There was a larger variability in the maximal conductances used across temperature experiments due to a significant variability in the excitability of the cells comprising the circuits across preparations. gSyn varied between 200 and 900 nS and gH varied between 300 and 900 nS. More excitable neurons generated oscillations at lower values of the artificial conductances. Generally, the values of the maximal conductances were chosen as the lowest values resulting in stable oscillations at 10oC.

It is practically impossible to generate the same mechanism for the same values of conductances and synaptic thresholds across preparations due to biological variability. That is one of reasons we introduced the ERQ in this paper.

16. Line 344: Can you quantify this irregularity as CoV? I see an exemplar that seems more variable but also a lot faster (higher frequency). Are there pooled data to support claims on cycle frequency and its variability?
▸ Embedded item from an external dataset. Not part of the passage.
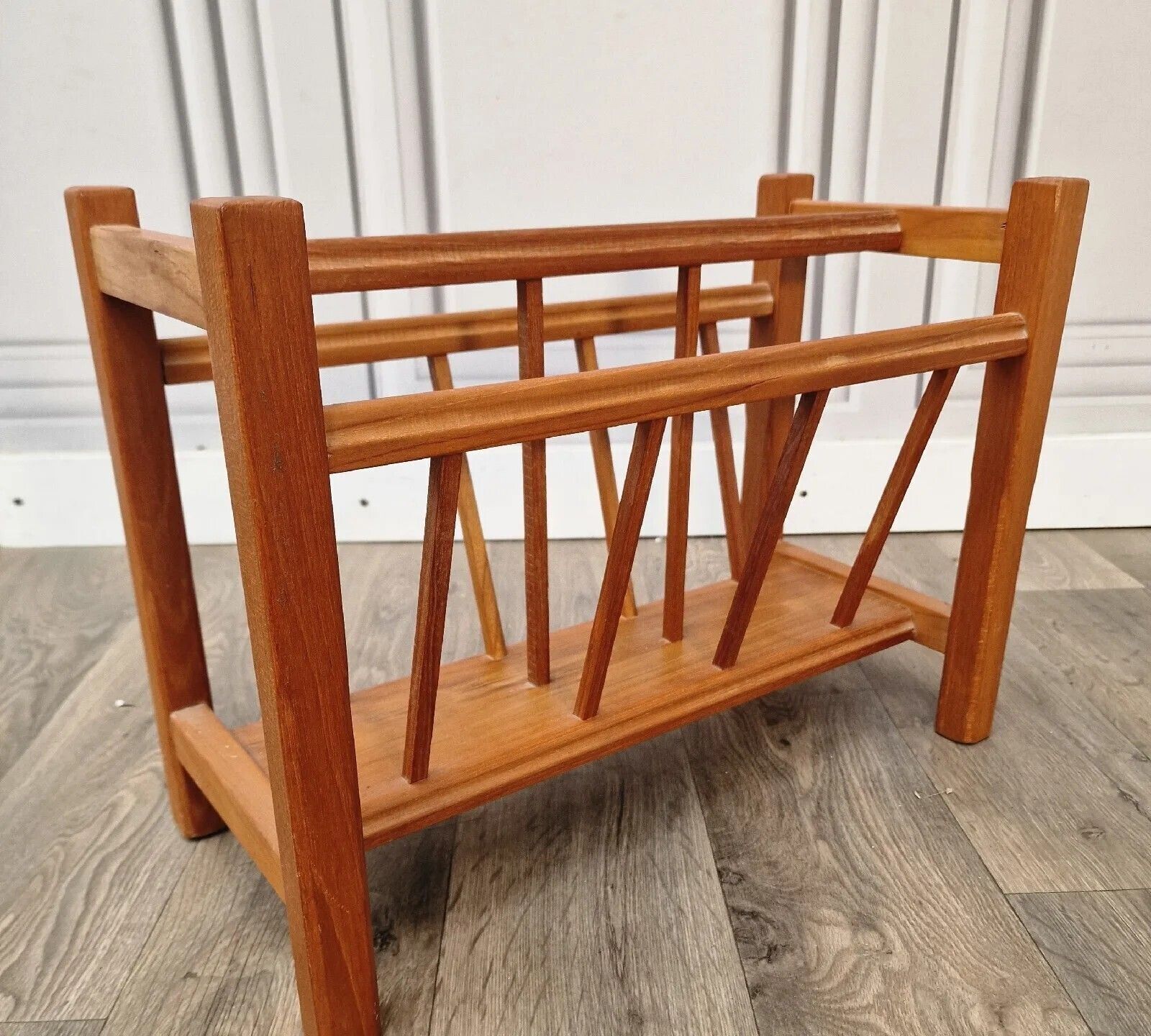 Vintage Teak Magazine Rack Danish Inspired Scandi Mid Century Modern photo buy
As suggested, we quantified the irregularity of the rhythms by calculating the CV of cycle frequency and spike frequency of the circuits in release and escape at low and high temperatures. The CV of cycle and spike frequencies of release, but not escape, circuits are significantly higher at higher temperatures. These data are added to the paper as a supplementary figure to Figure 5 and to the text (lines 422-425). For this analysis we included the circuits with a release mechanism that stopped oscillating before the temperature reached 20oC. Thus, in some cases, the properties of the circuit output were analyzed at temperatures below 20oC, when the circuits were still producing antiphase oscillations.

17. Lines 346-348: Is this surprising? The exemplar is dependent solely on spike-mediated transmission and so is susceptible to changes in spiking.
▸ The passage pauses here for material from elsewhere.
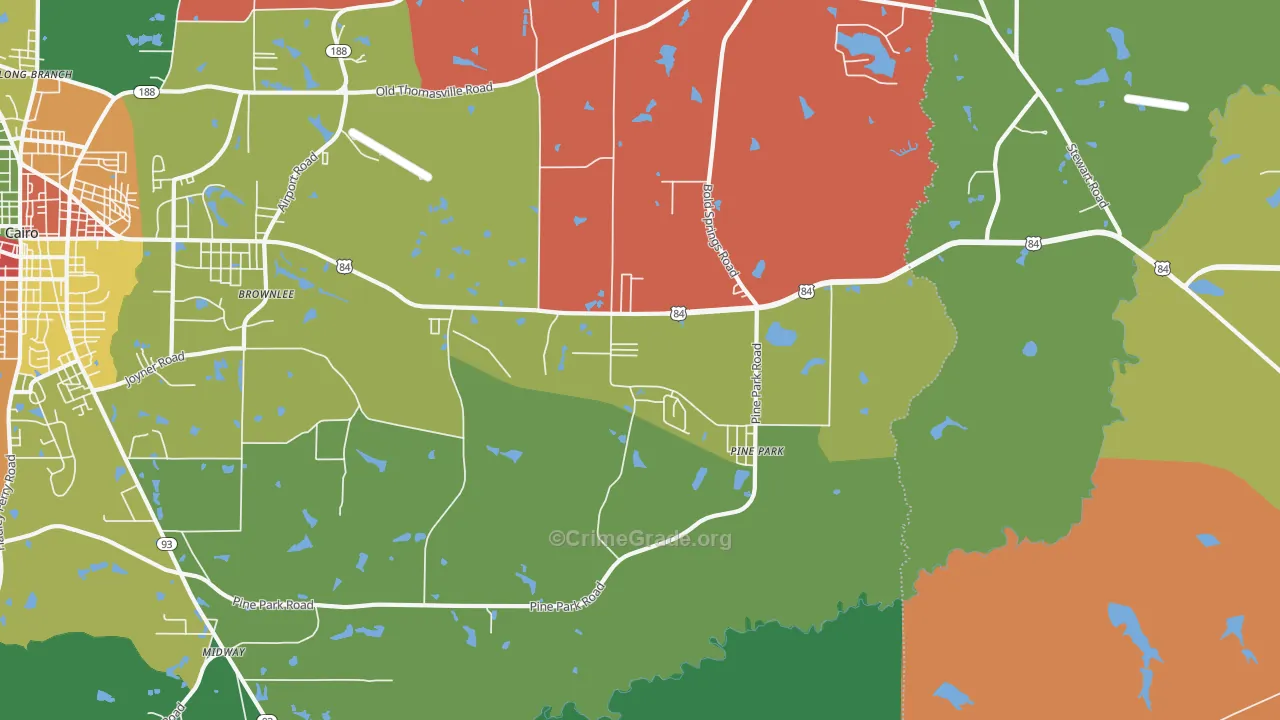 Pine Park, GA Map of Assault Rates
This is not surprising, significant reduction in the spike amplitude and hyperpolarization of the membrane potential of the neurons causes the circuits with release mechanism to be more susceptible to an increase in temperature, as discussed in the “Effect of temperature on the intrinsic properties of GM neurons” section.

18. Lines 385-388: This seems an understatement. This system at elevated Vth is operating in spike-mediated transmission mode and so spikes and spike frequency are all important.

We changed the phrasing to stress the role of spikes in switching behavior in the case of depolarized synaptic thresholds (line 471).

19. Lines 394-395: I don't see this in the data. I see a distinct crossover at around 4 nA – 15Hz. Can you quantify slopes? Is there pooled data to support this conclusion?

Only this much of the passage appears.